• Assignment:
Please keep to the lines below from the one with "Rijdende voetbalrobots TU/e" through the one with "Frame shirt‎ - Picture 1 of 1", and restate them word for word, ends included.

[Records from a data source]

——

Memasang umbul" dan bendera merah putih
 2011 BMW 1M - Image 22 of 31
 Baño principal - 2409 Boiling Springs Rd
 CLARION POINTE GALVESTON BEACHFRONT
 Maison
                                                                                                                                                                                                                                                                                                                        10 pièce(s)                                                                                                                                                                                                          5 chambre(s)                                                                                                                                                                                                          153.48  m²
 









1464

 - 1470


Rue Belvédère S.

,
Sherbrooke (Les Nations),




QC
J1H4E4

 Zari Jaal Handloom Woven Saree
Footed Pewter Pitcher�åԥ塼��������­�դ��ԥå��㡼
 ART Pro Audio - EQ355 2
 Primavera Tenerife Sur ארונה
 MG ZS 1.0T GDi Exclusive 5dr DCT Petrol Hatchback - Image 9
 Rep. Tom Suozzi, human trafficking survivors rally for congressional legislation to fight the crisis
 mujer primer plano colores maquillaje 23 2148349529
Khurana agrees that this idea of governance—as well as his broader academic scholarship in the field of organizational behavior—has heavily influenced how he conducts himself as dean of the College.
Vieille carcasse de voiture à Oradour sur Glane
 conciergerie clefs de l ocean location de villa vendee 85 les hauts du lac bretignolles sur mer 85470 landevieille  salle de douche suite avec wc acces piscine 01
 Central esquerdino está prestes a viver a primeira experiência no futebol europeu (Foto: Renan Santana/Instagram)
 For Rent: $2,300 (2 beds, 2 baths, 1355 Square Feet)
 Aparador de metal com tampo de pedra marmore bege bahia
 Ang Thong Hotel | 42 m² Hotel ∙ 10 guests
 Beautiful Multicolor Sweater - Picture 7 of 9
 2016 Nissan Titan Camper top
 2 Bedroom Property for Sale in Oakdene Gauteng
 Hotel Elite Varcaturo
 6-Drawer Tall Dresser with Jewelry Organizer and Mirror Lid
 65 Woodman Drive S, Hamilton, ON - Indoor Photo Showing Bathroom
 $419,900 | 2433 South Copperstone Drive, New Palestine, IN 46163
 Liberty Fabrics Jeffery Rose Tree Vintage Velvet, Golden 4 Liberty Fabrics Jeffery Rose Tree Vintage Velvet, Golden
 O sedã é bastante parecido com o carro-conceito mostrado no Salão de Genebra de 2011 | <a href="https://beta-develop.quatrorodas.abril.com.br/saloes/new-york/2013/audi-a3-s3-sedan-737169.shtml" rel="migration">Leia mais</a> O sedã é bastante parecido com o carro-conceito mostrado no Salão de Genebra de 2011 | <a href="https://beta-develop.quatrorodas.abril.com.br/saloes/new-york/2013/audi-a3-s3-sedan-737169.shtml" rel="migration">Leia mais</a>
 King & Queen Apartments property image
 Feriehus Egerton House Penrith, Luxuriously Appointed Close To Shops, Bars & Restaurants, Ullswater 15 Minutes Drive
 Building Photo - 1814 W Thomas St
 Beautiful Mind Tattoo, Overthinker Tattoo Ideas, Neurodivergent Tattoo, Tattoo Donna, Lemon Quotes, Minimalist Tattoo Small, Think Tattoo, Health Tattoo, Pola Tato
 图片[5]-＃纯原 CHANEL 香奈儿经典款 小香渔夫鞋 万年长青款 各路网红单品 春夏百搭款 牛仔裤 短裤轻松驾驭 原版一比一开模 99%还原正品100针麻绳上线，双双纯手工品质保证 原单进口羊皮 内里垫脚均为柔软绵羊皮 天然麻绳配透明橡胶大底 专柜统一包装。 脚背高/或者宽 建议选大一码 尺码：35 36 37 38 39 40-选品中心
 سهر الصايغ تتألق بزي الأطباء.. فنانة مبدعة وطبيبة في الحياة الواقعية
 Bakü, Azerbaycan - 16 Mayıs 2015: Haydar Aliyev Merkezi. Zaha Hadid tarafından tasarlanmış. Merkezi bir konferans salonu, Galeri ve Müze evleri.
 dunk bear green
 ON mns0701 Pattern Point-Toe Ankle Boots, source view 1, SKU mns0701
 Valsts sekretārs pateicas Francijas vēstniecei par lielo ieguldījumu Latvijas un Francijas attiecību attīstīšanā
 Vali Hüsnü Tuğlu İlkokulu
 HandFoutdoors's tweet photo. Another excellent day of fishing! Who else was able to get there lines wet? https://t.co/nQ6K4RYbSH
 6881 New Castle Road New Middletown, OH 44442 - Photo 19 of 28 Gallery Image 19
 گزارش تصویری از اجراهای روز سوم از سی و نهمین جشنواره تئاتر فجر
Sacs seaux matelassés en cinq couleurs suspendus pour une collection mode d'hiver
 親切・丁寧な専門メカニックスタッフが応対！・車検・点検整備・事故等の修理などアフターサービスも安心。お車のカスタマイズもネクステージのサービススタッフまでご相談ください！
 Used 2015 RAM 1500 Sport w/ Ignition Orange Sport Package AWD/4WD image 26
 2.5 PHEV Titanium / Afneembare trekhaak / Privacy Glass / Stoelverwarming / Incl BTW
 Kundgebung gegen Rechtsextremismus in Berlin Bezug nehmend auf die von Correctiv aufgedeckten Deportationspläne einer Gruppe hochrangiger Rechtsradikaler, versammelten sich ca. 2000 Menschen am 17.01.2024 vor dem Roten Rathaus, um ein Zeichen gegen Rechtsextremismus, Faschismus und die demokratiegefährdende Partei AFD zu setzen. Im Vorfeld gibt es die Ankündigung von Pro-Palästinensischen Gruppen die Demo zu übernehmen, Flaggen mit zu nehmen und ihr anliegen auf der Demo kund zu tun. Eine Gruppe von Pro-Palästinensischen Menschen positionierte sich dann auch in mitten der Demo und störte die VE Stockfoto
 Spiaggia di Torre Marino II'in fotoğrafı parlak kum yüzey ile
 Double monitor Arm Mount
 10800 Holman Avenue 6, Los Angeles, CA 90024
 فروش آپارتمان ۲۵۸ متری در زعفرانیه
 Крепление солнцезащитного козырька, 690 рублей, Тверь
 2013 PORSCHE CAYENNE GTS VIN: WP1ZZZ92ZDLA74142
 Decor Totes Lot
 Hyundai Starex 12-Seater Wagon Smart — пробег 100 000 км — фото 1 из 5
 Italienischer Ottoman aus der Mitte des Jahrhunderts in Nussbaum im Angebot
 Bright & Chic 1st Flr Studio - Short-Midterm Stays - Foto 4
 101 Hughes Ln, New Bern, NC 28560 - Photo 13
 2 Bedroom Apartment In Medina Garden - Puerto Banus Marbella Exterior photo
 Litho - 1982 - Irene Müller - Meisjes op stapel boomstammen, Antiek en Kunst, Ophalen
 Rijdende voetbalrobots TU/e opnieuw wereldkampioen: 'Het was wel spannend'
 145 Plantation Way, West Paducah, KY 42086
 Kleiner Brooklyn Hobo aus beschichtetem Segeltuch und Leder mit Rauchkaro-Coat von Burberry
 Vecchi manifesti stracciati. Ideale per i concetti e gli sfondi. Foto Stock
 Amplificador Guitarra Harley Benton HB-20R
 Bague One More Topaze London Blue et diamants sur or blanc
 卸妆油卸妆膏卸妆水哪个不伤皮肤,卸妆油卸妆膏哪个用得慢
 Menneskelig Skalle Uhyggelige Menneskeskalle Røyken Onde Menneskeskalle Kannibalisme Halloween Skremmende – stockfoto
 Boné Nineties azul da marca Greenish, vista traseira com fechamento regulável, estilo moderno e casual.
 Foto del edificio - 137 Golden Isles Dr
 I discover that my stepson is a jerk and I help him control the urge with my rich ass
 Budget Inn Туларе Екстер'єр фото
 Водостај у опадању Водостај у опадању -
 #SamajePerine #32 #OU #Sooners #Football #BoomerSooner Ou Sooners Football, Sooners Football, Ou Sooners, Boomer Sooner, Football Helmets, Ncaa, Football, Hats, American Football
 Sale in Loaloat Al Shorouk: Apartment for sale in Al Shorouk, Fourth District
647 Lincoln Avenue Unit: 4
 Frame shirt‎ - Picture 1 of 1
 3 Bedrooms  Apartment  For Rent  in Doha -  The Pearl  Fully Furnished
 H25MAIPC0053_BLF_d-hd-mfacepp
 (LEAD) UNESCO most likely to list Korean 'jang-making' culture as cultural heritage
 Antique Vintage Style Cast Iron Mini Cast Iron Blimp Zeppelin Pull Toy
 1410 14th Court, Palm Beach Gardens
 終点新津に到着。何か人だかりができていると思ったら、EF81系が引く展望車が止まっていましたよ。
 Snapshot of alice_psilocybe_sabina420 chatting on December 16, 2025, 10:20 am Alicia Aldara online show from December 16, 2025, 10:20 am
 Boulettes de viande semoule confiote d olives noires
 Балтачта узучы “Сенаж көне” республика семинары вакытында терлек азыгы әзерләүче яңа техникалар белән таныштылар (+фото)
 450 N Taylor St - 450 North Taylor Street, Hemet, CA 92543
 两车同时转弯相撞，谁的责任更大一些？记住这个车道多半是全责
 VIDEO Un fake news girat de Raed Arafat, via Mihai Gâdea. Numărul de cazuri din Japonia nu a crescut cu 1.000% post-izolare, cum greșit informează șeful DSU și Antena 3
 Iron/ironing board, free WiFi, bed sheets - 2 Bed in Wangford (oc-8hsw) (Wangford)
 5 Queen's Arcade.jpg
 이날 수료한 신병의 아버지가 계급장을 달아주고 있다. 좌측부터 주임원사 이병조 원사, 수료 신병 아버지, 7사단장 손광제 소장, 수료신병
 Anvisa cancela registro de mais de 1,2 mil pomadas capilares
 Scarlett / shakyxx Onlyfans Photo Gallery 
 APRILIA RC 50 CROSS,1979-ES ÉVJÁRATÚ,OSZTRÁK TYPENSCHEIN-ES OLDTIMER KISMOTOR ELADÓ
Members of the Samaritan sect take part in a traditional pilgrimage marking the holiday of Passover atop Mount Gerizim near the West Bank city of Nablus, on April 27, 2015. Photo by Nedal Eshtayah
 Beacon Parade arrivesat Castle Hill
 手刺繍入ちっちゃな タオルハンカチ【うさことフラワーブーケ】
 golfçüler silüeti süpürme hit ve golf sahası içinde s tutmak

——

• Result for this task:
 Rijdende voetbalrobots TU/e opnieuw wereldkampioen: 'Het was wel spannend'
 145 Plantation Way, West Paducah, KY 42086
 Kleiner Brooklyn Hobo aus beschichtetem Segeltuch und Leder mit Rauchkaro-Coat von Burberry
 Vecchi manifesti stracciati. Ideale per i concetti e gli sfondi. Foto Stock
 Amplificador Guitarra Harley Benton HB-20R
 Bague One More Topaze London Blue et diamants sur or blanc
 卸妆油卸妆膏卸妆水哪个不伤皮肤,卸妆油卸妆膏哪个用得慢
 Menneskelig Skalle Uhyggelige Menneskeskalle Røyken Onde Menneskeskalle Kannibalisme Halloween Skremmende – stockfoto
 Boné Nineties azul da marca Greenish, vista traseira com fechamento regulável, estilo moderno e casual.
 Foto del edificio - 137 Golden Isles Dr
 I discover that my stepson is a jerk and I help him control the urge with my rich ass
 Budget Inn Туларе Екстер'єр фото
 Водостај у опадању Водостај у опадању -
 #SamajePerine #32 #OU #Sooners #Football #BoomerSooner Ou Sooners Football, Sooners Football, Ou Sooners, Boomer Sooner, Football Helmets, Ncaa, Football, Hats, American Football
 Sale in Loaloat Al Shorouk: Apartment for sale in Al Shorouk, Fourth District
647 Lincoln Avenue Unit: 4
 Frame shirt‎ - Picture 1 of 1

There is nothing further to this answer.